German Chancellor Olaf Scholz has called on British judges to rule against extradition of Julian Assange to the US, in an unusual intervention in relations between two of his country’s allies.
Assange, 52, is waiting for the High Court’s verdict on whether he can make a final appeal against his removal to the US, where he faces 18 charges relating to the publication of thousands of classified American government documents through his WikiLeaks portal.
Last week, his lawyers told the court the “legally unprecedented prosecution” for alleged espionage and conspiring with computer hackers was politically motivated and he was in danger of a “flagrant denial of justice” if extradited.
The German government in October said it was following the case “attentively” but would not intervene as it respected the independence of the British judiciary.
The government “has no doubt that the British justice system applies the principles of the rule of law and respects human rights”, it said at the time.

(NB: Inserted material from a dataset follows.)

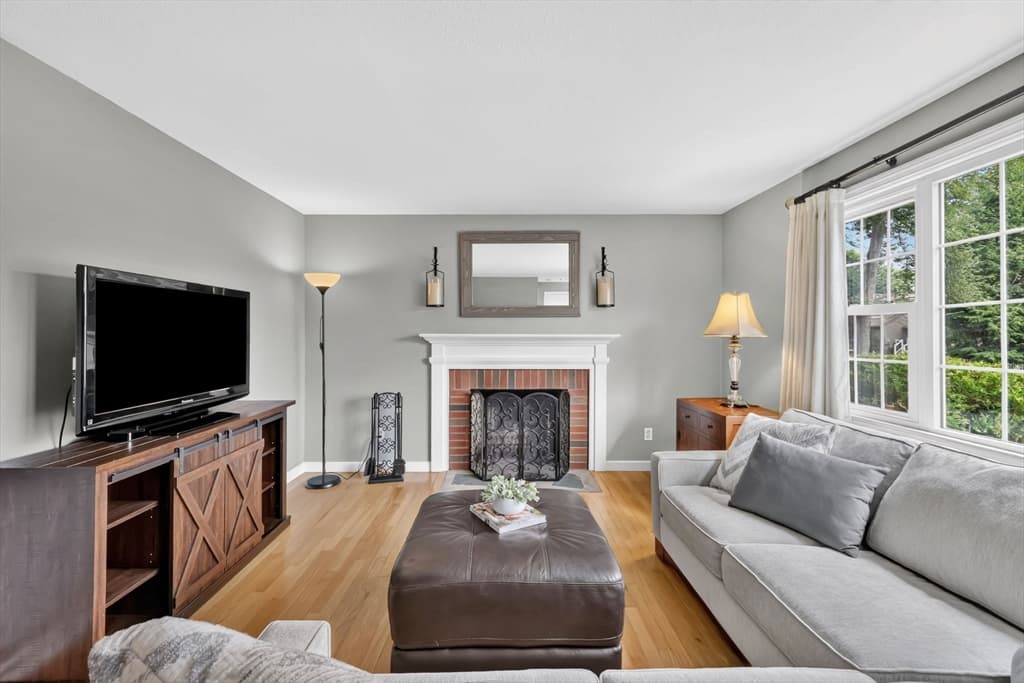 Casa em East Longmeadow — foto 8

On Monday, however, Mr Scholz publicly sided with Assange’s defence, arguing that the Australian citizen was at risk of “persecution” at the hands of American authorities.
“I’m of the opinion that it would be good if the British courts granted him the necessary protection, since he must indeed face persecution in the US, given the fact he gave away American state secrets,” the Chancellor said during a visit to a vocational training college in Sindelfingen, near Stuttgart.
“During the last hearing, the representatives of the US were unable to persuade the British judges that the potential sentence would happen in a framework that would be reasonable from Britain’s perspective.”
Assange has a sizeable following in Germany and one survey in 2019 found that 63 per cent of German voters opposed his extradition, including a clear majority of those who supported Mr Scholz’s Social Democratic Party (SPD).
Two weeks ago, 75 MPs from the SPD and the Green Party, among them two German government commissioners, published an open letter urging the US to abandon the “show trial” and suggesting Assange be tried before the European Court of Human Rights instead.
They said he was at risk of suicide in “unacceptable British prison conditions” at HMP Belmarsh.
They also said a rejection of his appeal would “set a dangerous precedent and mean another severe blow to the state of press freedom in Europe”.